Create your connection

  1. Open your Astro project and add the following line to your requirements.txt file:

    apache-airflow-providers-odbc
    

    This will install the ODBC provider package, which makes the ODBC connection type available in Airflow.

  2. Add the following OS-level packages to your packages.txt:

    
      gcc
      g++
      unixodbc
      unixodbc-dev
    
    

    These are required for installation of the ODBC driver in your docker containers.

  3. Append the following lines to your Dockerfile:

    
      USER root
      RUN curl https://packages.microsoft.com/keys/microsoft.asc | tee /etc/apt/trusted.gpg.d/microsoft.asc
    
      #Debian 11
      RUN curl https://packages.microsoft.com/config/debian/11/prod.list > /etc/apt/sources.list.d/mssql-release.list
    
      RUN apt-get update
      RUN ACCEPT_EULA=Y apt-get install -y msodbcsql18
      # optional: for bcp and sqlcmd
      RUN ACCEPT_EULA=Y apt-get install -y mssql-tools18
      # optional: for unixODBC development headers
      RUN apt-get install -y unixodbc-dev
      
      USER astro
      
    

    Refer to the Microsoft documentation for other OS types and versions.

  4. Run astro dev restart to restart your local Airflow environment and apply your changes in requirements.txt.

  5. In the Airflow UI for your local Airflow environment, go to Admin > Connections.

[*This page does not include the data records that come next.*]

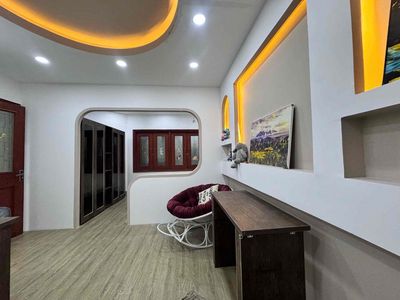 It is the owner who rents a bedroom. A new living room built by the SEO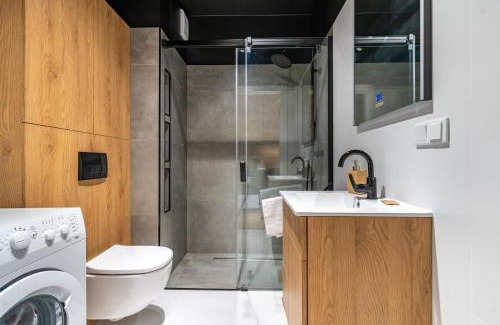 Katowice Apartment | Szurmana Modern Studio by BookingHost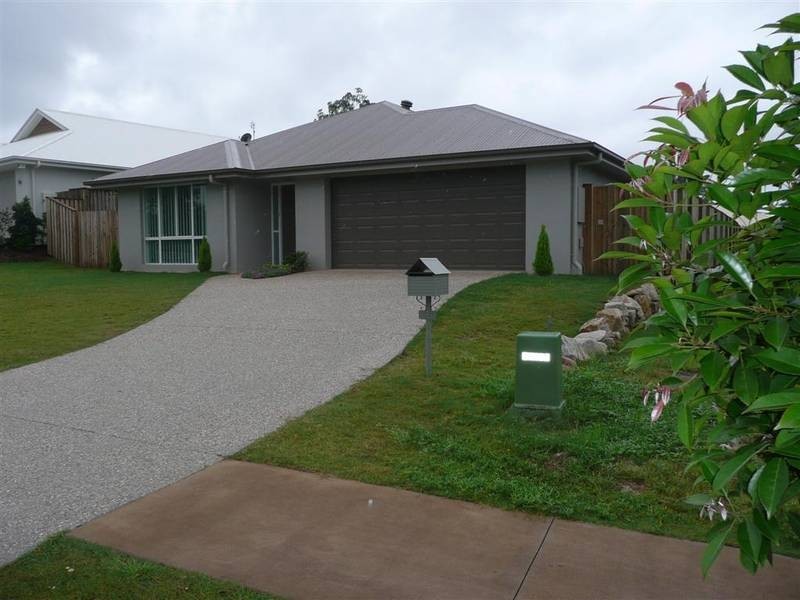 5 Woodgrove Boulevard, Beerwah QLD 4519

Click + to add a new connection, then choose ODBC as the connection type.

  6. Fill out the following connection fields using the information you retrieved from Get connection details:

    • Connection Id: Enter a name for the connection.
    • Host: Enter your SQL Endpoint.
    • Schema: Enter your SQL pool Name.
    • Login: Enter your SQL admin username
    • Password: Enter your password.
    • Port: Enter 1433 as port.
    • Extra: Enter the string {"Driver": "ODBC Driver 18 for SQL Server"}.
  7. Click Test. After the connection test succeeds, click Save.

How it works

Airflow uses PyODBC to connect to the ODBC data sources through the ODBCHook. You can directly use this hook to create your own custom hooks or operators.

References

Thanks a lot @manmeet I’m getting the following error:
[unixODBC][Driver Manager]Data source name not found and no default driver specified (0) (SQLDriverConnect)')
Any idea why it could be happening ?

Hey @semeonb

The probable cause for the error is that the Driver is not properly installed or specified in the connection.

Could you please double-check the following:

  1. Your instructions to install ODBC driver are correct in the Dockerfile
  2. You restarted your Airflow after changing the Dockerfile.
  3. You included the driver detail in the Extra field of the connection.

Thanks
Manmeet

Just in case that anyone is facing the same problem, it is clear in the documentation of airflow-odbc that you need to set to True the parameter allow_driver_in_extra in the config section providers.odbc, to be able to use the extra driver parameter. You can do this with the env variable: AIRFLOW__PROVIDERS_ODBC__ALLOW_DRIVER_IN_EXTRA=true.